*Data block:*
————————

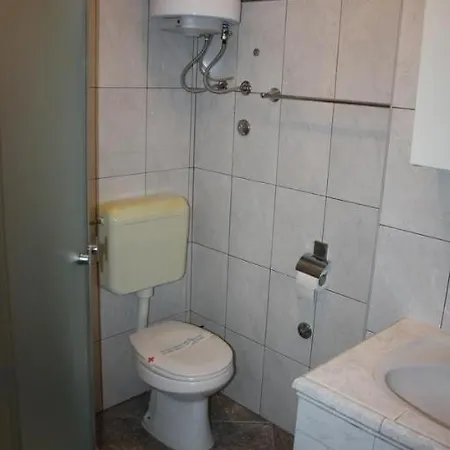 Studio In Duba With Terrace, Air Conditioning, Wi-fi, Washing Machine Appartement *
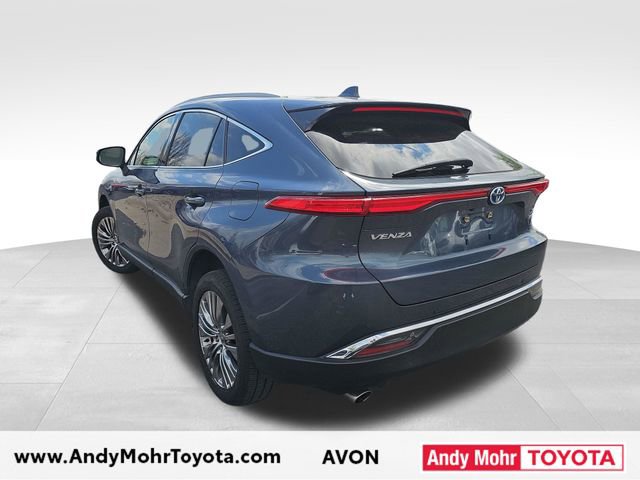 Used 2022 Toyota Venza XLE AWD/4WD image 5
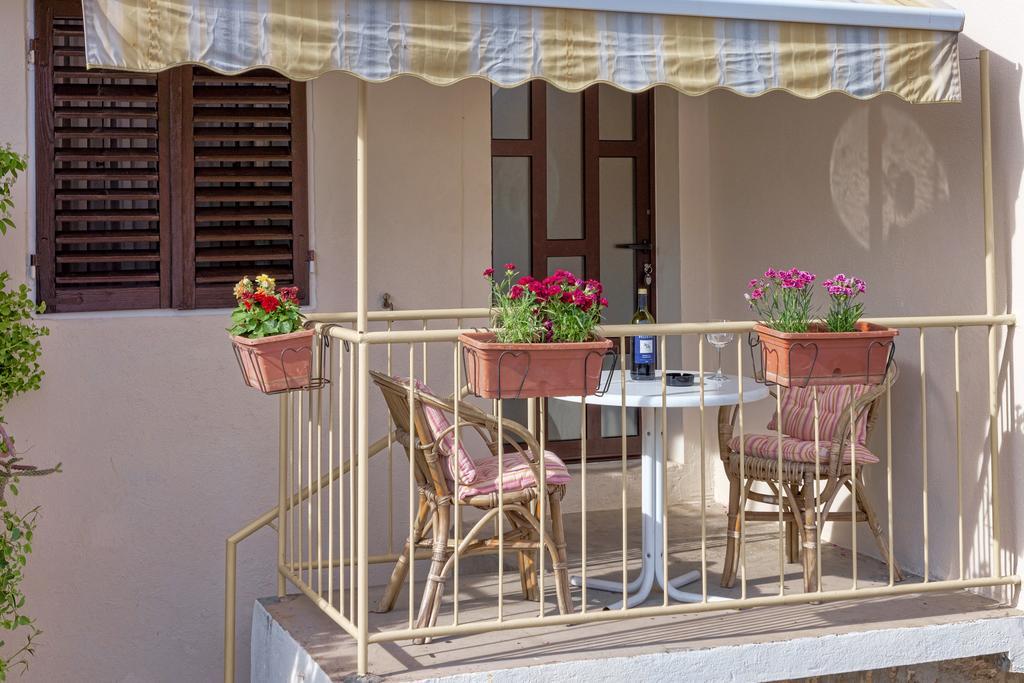Guesthouse Wish Stari Grad  Zimmer foto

————————

*Exercise directions:*
Pictures must not appear in the copy, which must otherwise match the listing exactly.

*Solution for this task:*
 Studio In Duba With Terrace, Air Conditioning, Wi-fi, Washing Machine Appartement *
 Used 2022 Toyota Venza XLE AWD/4WD image 5
Guesthouse Wish Stari Grad  Zimmer foto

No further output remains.